Merencana sambil tasyakur nikmat atas bebasnya Ibu Hajjah Rahmah El Yunusiyah di Padang Panjang dari karantina politik orde lama, telah mempertemukan teman, guru dan bekas murid dan membuahkan kesepakatan bahwa ilmu pengetahuan praktis yang telah didapat di Jawa Barat yakni sutera alam dan tikar mendong harus diperkembangkan pula di Sumatera Barat.
Gerakannya perlu dilaksanakan melalui kursus dan latihan. Latihan pertama dilakukan pada tanggal 15 April sampai dengan 15 Mei 1963 di Balingka, dengan diikuti oleh 20 orang ibu-ibu Muslimah.
Bayangan masa depan yang menyeruak penuh harapan di antara tekanan diktator yang dikendalikan oleh PKI telah merayap
dari sudut ke sudut hati setiap peserta, walaupun juga barangkali dirasakan, bahwa di antara hal-hal itu ada yang demikian barunya sehingga sukar, malah rasa-rasa tak mungkin dapat mencapainya.
Semboyan kita ialah :
– Yang mudah sudah dikerjakan orang
– Yang sukar kita kerjakan sekarang
– Yang tak mungkin kita kerjakan besok
– Dengan mengharapkan hidayat Ilahi
“Katakanlah: Wahai kaumku, berbuatlah kamu sehabis-habis kemampuan-mu, akupun berbuat (pula).

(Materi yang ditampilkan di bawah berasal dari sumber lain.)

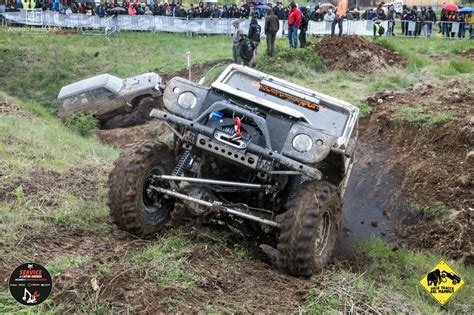 Torna Sulle Tracce Del Mammut Sulle Montagne Di Preturo In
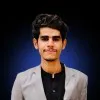Asad Ullah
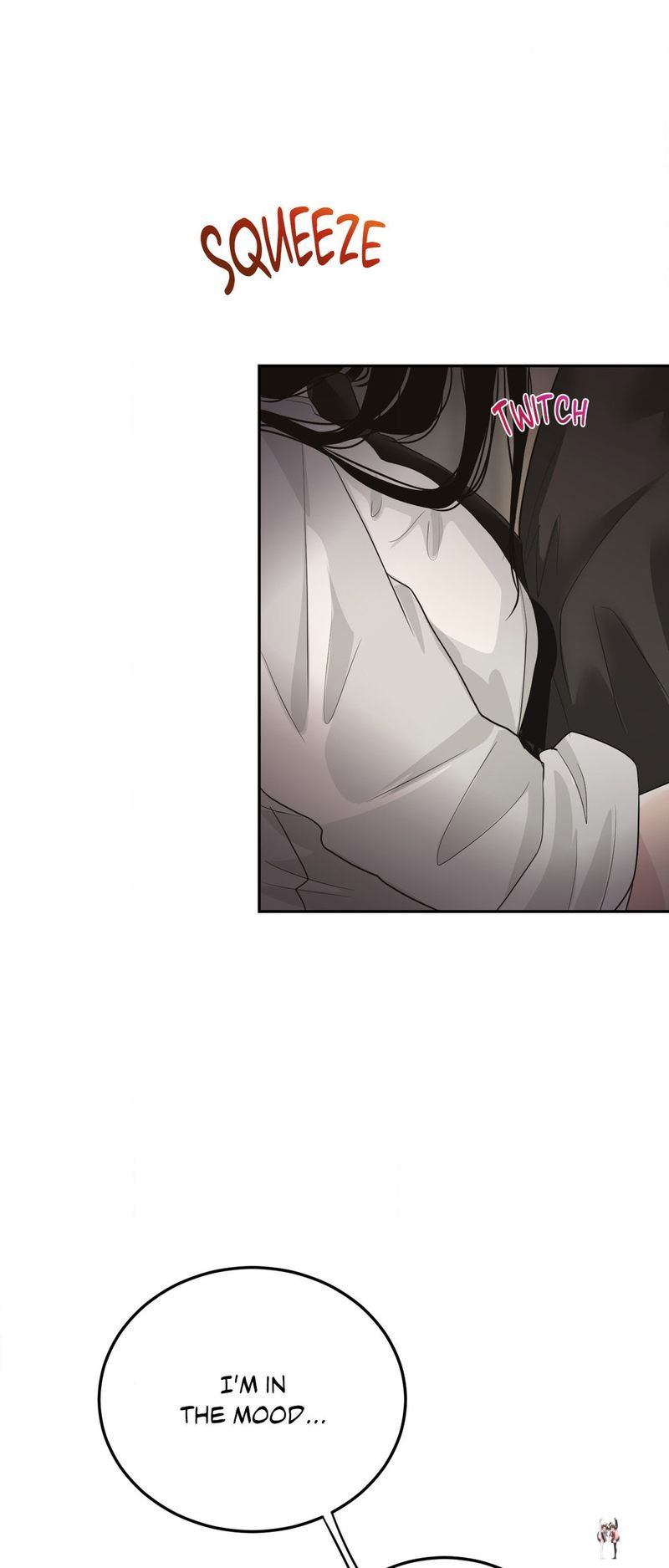 Where the Heart Is Where the Heart Is Chapter 31 - Page 47 Where the Heart Is Where the Heart Is Chapter 31 - Page 47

Kelak kamu akan mengetahui, siapakah diantara kita yang akan memperoleh hasil yang baik dari dunia ini. Sesungguhnya orang yang zalim itu tidak akan mendapat keberuntungan”. (QS.6, Al An’am : 135).
Itulah bunyi semboyan yang menjadi pesan Bapak Mohamad Natsirdalam pedoman pemulihan tenaga terpelanting, sedari dulu di pertengahan November 1961.
Usaha-usaha mempelajari pengetahuan praktis itu, tidaklah hanya dicukupkan dengan apa yang telah dilakukan oleh rombongan pria, akan tetapi merasakan pula pentingnya dipelajari oleh wanita- wanita dalam mempertinggi kesejahteraan hidup di rumah tangga.
Pemeliharaan hubungan kerjasama sesama keluarga seperti telah dilakukan oleh Djanamar Adjam dengan H.M. Miftah sekeluarga di Pasar Minggu pada November 1963, dalam memperkenalkan cara usaha pembibitan dan penanaman Tanaman Holtikultura.
Disamping itu juga dikembangkan pengetahuan penganyaman topi bambu di desa Cangkok Tangerang, umpamanya pula mempelajari penanaman padi dan jagung ke Lembaga Padi dan Jagung di Bogor terutama dikalangan “bundo kandung” kaum ibu penting pula dikembangkan melalui latihan-latihan praktis.
Pengenalan bibit harapan, penggunaan pupuk yang tepat, percobaan penanaman pertama, sampai kepada praktik pembibitan sayur mayur.
Dimulai dari penanaman bibit “bayam hikmat” (bapinas astunensis) yang dikirimkan dari wisma peristirahatan Ashhabul qafash, di tengah mana Bapak Mohamad Natsirditahan di Rumah Tahanan Militer di Jakarta.
Disemai dan ditanamkan pula di lingkungan keluarga.
Maka tidaklah salah, mungkin berkat kemurahan Ilahi, “bibit yang halus” yang disemaikan dengan baik, dipelihara dengan tekun dan sabar disertai pesan secarik kertas kecil dari balik dinding tahanan pada Desember 1963, “sesudah dipotong makin bercabang”, dirasakan nikmat oleh setiap keluarga yang menerima.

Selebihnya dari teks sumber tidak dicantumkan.